Start of Provided records

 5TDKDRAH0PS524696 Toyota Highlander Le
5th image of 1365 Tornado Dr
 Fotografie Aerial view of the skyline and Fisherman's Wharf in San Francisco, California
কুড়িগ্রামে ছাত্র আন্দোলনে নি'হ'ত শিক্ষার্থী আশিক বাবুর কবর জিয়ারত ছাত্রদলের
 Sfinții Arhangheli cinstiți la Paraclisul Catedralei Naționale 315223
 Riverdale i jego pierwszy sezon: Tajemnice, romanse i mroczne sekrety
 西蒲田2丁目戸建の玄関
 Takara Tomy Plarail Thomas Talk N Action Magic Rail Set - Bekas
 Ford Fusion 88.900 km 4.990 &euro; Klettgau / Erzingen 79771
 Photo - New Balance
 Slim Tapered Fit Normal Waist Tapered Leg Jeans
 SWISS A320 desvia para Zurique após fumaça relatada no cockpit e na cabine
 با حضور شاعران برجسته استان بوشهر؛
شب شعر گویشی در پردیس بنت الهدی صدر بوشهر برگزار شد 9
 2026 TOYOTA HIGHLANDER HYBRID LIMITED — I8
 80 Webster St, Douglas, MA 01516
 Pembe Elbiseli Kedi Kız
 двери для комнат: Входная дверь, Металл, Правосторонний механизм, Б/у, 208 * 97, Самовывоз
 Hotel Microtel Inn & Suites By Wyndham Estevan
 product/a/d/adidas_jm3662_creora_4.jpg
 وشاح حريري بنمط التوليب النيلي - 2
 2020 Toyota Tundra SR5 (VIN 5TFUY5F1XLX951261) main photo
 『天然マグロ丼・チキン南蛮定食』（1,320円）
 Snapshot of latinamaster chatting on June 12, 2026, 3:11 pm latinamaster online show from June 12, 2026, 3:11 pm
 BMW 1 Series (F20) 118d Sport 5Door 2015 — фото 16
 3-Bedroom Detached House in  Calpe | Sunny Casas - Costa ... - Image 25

End of Provided records

* [Try it]
Begin with the first line of the data above and, please, print each line exactly until you have printed the line containing "Sfinții Arhangheli cinstiți"; print nothing else.

* [The completed task]
 5TDKDRAH0PS524696 Toyota Highlander Le
5th image of 1365 Tornado Dr
 Fotografie Aerial view of the skyline and Fisherman's Wharf in San Francisco, California
কুড়িগ্রামে ছাত্র আন্দোলনে নি'হ'ত শিক্ষার্থী আশিক বাবুর কবর জিয়ারত ছাত্রদলের
 Sfinții Arhangheli cinstiți la Paraclisul Catedralei Naționale 315223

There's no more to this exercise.